20 milyonu aşkın öğrencimizin eğitim sistemine ve dolayısıyla geleceklerine dair hiçbir inancının kalmadığı, aldıkları eğitimin dünya standartlarında hiçbir karşılığının olmadığı, okullarda bunca açık olmasına rağmen gerekli öğretmen ve yardımcı personel atamalarının yapılmadığı, bunun yerine çeşitli protokol ve uygulamalarla ilahiyat mezunu imam ve din insanlarının okullarda kadro bulmasına çalışıldığı bir ortamda yapay gerginliklerle sorunun özünden insanları uzaklaştırmaya çalıştırmaktadırlar.

Sorun bizler için çok açıktır: Bu ülkede her çocuğumuz için dünya standartlarında, kamusal, bilimsel ve laik eğitim sağlanmak zorundadır!

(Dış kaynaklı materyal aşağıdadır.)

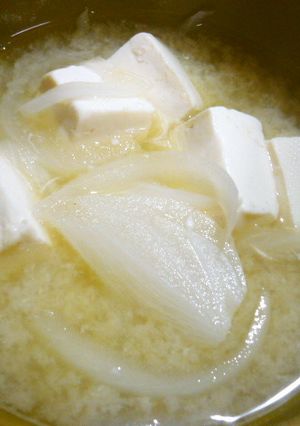 玉ねぎと豆腐のお味噌汁-レシピのメイン写真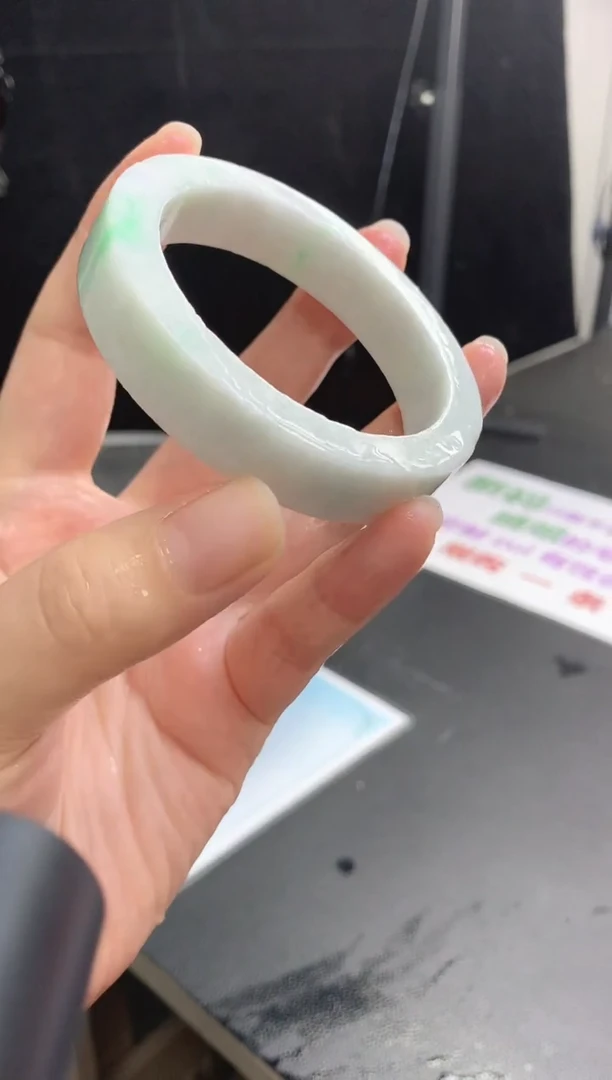 【闪购商品】定制翡翠手镯未镶嵌2 56-58正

Bunun yolu ve yöntemi milli eğitime ayrılan ödeneğin artırılması, milli eğitim planlamalarının yapılırken öğrenci merkezli, şeffaf ve objektif kriterlere yönelik çözümler üretilmesi, istihdama yönelik eğitim planlamalarının yapılmasıdır.

Bu da ancak demokratik katılım ve eğitim sisteminin bilimsel veriler ışığında yeniden yapılanması ile mümkündür.

Bir temel başka değerlendirme de öğretmenlerinin görev yeri değişikliklerine tepki veren öğrenci ve velilerimiz için yapmak gerekmektedir.

GELECEĞİMİZE SAHİP ÇIKMAK İÇİN

Ülkemizde son dönem yaşanılan ve korku duvarlarının aşıldığı eylemlikler sürecinde öğrenci ve velilerimizin gösterdikleri olumlu refleksi değerlendirmemek ve bundan sonuçlar çıkarmamak eksiklik olacaktır. Öğrenci ve velilerin verdikleri tepkiler görünürde öğretmenlerinin okuldan sürgün edilmesine yönelik bir tepki olarak okunsa da özünde kendi geleceklerine sahip çıkma anlamı taşımaktadır.

15-17 yaşındaki çocukların umutlarını yitirdikleri bir zamanda hem kendi gelecekleri hem de öğretmenleri için demokratik haklarını kullanarak eylemler gerçekleştirmeleri ve onların velilerinin bu süreçte korkusuzca çocuklarına sahip çıkması önümüzdeki dönem için umudumuzu güçlendirmiştir.

Yaşadığımız her alanda kendi geleceğimiz için sözümüzü söylemenin ne kadar önemli olduğunu, sözümüzü söylerken yaşanılabilecek olumsuzluklara karşı kararlı ve net bir duruşun her sorunu aşacağını bizlere öğreten gençlerimize teşekkür etmek ve onların önlerindeki zorlu yolda kendi mücadele biçimlerini bulup zamanın devrimci ruhunu oluşturmalarına izin vermek de en büyük görev olarak önümüzde durmaktadır.